Книга Линча повлекла за собой настоящее цунами использования ментальных карт в городских исследованиях [Визуальная 2009]. В «жестком» (формализованный опросник, статистический анализ) или «мягком» («нарисуйте свой ежедневный маршрут от дома до метро») варианте эта методика стала важным ритуалом посвящения в профессию. Сегодня начинающие урбанисты так же часто донимают своих знакомых просьбой нарисовать город, как начинающие психологи – просьбой нарисовать несуществующее животное. Популярность ментальных карт привела к заметной методологической путанице.
Что интересно, для Линча восприятие города в куда большей степени является производной от самого города, чем для его последователей. Наиболее читаемые места и объекты «навязывают себя чувствам обостренно и интенсивно» [Линч 1982: 22]. Ментальные карты нужны Линчу, чтобы через восприятие изучить городскую среду per se. Но уже для последовавших за ним городских психологов восприятие как таковое оказывается отделено от объекта восприятия. Стэнли Милгрэм, создавший своего рода каталог психологических карт Нью-Йорка и Парижа, замечает:
Первое наблюдение заключается в том, что реальность и ее отражение плохо стыкуются между собой. Если в действительности Сена, протекая по территории Парижа, сильно изгибается дугой, образуя почти полукруг, парижанам кажется, что ее петля изогнута гораздо изящнее, а некоторые из них вообще думают, что Сена течет через город по прямой линии [Милграм 2000: 92].

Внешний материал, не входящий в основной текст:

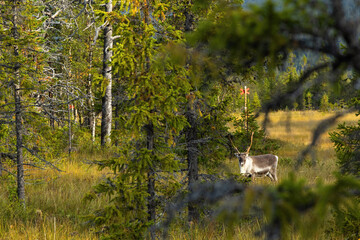 View through tree branches to wild reindeer grazing in Swedish wilderness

Второе затруднение Милгрэма таково:
Все парижане попадают под воздействие стереотипов о своем городе, легкодоступных клише, сквозь которые проступают не столько собственные представления о городе его жителей, сколько их вовлеченность в мир расхожих банальностей в готовых упаковках. Мы же хотим выйти на что-то более личное и в большей степени связанное с непосредственным опытом [там же: 93].
В итоге Милгрэму придется вообще вынести за скобки «реальный город» и сосредоточиться исключительно на «городе в голове», а чтобы избежать обвинений в субъективизме – прибегнуть к надежной уловке «социологизации»: да, мол, в голове, но в голове у половины горожан! Как будто «коллективная голова» более социальна, чем индивидуальная.
И все же перед очарованием ментальной картографии устоять так же трудно, как перед обаянием проективных тестов в психологии. (Количество городов, подвергнувшихся ментальному картографированию, тоже поражает воображение: от Плоешти [Neacşu, Neguţ 2012] до Дарвина [Brennan-Horley 2010].) Привлекательностью и популярностью сходство ментальной картографии с проективными тестами не ограничивается. Милгрэм фиксирует:
Первое, что он нанес на карту, были бульвары Сен-Жермен и Сен-Мишель, затем факультет естественных наук в университете Жюсье. Это говорит о том, что его студенческий опыт продолжает доминировать. Отчетливо обозначены современные сооружения – башня Заманского на факультете естественных наук и пятидесятиэтажная башня делового центра Мэн-Монпарнас. Молодые испытуемые гораздо чаще, чем люди старшего возраста, включают эти современные детали, как будто ментальные карты у людей старшего поколения составились много лет назад и уже не могут быть дополнены этими приметами нового. Разросшемуся на северо-западе огромному деловому комплексу Дефанс придано чуть ли не исключительное значение, столь угрожающе воспринимается его массив, словно нависший над исторической частью города. Эта карта отражает центральную дилемму современного Парижа: как город может сохранить свои отличительные черты, возникшие в прошедшие века, оказавшись в тисках модернистских тенденций? [Милграм 2000: 93].